Every line in the data below that includes "Heavy" belongs in the answer, copied as it stands.

--

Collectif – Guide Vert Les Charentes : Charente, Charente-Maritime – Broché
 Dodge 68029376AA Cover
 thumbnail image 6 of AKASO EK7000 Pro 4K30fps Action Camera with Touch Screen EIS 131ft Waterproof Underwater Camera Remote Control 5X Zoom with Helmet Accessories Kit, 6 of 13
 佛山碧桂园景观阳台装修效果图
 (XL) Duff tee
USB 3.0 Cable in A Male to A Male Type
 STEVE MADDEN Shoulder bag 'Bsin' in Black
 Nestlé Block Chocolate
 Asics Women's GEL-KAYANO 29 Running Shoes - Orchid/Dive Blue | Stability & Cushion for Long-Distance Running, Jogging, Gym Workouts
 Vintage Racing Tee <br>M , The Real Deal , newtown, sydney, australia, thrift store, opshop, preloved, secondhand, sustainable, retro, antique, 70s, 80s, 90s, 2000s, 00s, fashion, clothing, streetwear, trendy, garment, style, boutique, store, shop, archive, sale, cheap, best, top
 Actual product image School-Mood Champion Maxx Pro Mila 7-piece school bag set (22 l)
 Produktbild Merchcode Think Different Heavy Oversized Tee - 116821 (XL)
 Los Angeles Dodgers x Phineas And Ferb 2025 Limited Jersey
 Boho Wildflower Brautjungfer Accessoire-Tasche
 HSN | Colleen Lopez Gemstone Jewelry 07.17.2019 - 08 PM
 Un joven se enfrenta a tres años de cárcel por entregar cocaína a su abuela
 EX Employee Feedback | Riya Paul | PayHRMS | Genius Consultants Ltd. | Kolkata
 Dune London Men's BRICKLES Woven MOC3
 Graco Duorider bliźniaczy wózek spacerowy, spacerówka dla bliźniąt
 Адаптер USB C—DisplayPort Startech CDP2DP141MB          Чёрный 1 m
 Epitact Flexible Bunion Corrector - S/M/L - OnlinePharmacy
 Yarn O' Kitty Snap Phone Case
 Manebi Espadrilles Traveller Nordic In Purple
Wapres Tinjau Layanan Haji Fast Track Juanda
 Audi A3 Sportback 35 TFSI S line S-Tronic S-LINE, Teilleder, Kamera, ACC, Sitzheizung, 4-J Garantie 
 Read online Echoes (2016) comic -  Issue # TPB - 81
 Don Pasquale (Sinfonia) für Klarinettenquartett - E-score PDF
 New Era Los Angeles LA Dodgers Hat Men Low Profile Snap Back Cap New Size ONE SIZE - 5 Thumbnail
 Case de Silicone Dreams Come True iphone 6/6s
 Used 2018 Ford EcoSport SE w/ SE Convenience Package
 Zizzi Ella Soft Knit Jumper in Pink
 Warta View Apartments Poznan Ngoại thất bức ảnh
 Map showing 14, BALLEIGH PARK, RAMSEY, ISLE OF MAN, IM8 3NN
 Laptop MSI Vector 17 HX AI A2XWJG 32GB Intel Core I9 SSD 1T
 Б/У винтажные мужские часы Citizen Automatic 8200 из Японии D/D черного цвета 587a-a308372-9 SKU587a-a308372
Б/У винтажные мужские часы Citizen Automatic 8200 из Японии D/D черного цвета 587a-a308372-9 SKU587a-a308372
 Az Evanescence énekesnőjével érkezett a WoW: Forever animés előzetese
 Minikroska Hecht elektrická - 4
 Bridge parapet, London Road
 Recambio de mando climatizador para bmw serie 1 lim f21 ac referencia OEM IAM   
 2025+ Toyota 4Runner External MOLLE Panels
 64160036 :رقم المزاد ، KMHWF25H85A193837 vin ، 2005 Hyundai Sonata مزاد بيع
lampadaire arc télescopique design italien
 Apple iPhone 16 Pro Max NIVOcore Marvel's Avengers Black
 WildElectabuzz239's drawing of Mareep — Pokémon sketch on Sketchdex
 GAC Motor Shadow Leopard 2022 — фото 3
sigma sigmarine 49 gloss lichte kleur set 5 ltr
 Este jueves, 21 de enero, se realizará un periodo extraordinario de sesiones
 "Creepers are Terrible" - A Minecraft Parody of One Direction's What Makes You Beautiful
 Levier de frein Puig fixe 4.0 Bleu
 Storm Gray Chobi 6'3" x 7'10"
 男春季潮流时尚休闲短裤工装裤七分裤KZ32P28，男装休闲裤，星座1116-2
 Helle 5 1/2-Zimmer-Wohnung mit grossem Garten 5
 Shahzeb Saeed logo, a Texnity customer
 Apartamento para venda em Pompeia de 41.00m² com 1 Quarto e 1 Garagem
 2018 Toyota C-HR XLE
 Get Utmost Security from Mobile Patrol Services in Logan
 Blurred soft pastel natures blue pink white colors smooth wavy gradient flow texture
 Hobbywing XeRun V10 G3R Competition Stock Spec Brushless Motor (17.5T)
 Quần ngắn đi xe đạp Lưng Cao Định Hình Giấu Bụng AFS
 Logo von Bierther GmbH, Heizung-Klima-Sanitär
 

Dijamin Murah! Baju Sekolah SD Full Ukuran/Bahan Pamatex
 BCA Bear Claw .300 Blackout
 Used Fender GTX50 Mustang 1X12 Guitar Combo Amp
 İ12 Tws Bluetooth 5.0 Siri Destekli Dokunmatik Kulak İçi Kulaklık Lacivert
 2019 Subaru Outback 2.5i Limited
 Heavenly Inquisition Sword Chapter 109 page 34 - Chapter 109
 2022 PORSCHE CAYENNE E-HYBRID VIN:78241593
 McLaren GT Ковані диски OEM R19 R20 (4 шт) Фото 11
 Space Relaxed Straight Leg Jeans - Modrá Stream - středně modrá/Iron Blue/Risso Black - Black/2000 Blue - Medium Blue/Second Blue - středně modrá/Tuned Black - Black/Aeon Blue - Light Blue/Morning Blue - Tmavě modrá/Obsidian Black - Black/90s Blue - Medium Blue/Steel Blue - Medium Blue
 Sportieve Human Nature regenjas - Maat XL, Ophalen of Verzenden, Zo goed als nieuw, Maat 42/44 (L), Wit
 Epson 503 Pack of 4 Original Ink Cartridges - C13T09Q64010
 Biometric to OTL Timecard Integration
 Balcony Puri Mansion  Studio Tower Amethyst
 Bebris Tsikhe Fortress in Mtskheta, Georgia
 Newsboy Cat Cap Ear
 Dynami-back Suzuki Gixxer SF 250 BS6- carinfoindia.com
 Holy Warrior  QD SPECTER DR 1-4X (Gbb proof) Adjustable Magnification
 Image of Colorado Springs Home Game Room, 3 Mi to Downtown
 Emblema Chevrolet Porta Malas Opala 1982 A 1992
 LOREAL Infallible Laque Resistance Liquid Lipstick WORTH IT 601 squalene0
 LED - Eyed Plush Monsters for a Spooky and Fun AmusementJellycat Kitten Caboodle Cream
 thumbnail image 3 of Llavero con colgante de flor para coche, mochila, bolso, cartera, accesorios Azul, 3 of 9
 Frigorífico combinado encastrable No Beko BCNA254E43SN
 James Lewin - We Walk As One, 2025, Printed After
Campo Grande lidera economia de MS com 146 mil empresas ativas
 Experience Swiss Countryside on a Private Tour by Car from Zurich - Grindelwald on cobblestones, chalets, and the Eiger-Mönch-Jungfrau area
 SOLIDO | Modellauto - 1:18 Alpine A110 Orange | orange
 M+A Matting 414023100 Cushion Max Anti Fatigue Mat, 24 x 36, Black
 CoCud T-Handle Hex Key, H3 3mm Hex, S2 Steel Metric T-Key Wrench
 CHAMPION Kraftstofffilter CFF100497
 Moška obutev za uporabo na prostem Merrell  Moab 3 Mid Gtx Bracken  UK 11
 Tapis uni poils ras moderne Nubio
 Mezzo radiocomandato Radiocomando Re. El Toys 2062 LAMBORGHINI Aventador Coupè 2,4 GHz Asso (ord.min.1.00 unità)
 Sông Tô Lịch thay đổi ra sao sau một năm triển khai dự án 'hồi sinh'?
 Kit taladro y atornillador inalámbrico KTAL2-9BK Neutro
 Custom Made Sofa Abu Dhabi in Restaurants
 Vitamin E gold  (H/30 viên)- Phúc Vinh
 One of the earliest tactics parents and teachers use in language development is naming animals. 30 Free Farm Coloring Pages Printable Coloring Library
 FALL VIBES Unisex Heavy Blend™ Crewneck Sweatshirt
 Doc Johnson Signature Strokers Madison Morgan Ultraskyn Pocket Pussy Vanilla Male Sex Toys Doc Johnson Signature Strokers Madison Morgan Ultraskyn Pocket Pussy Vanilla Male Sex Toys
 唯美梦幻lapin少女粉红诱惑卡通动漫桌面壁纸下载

--

■ Answer
 Produktbild Merchcode Think Different Heavy Oversized Tee - 116821 (XL)
 FALL VIBES Unisex Heavy Blend™ Crewneck Sweatshirt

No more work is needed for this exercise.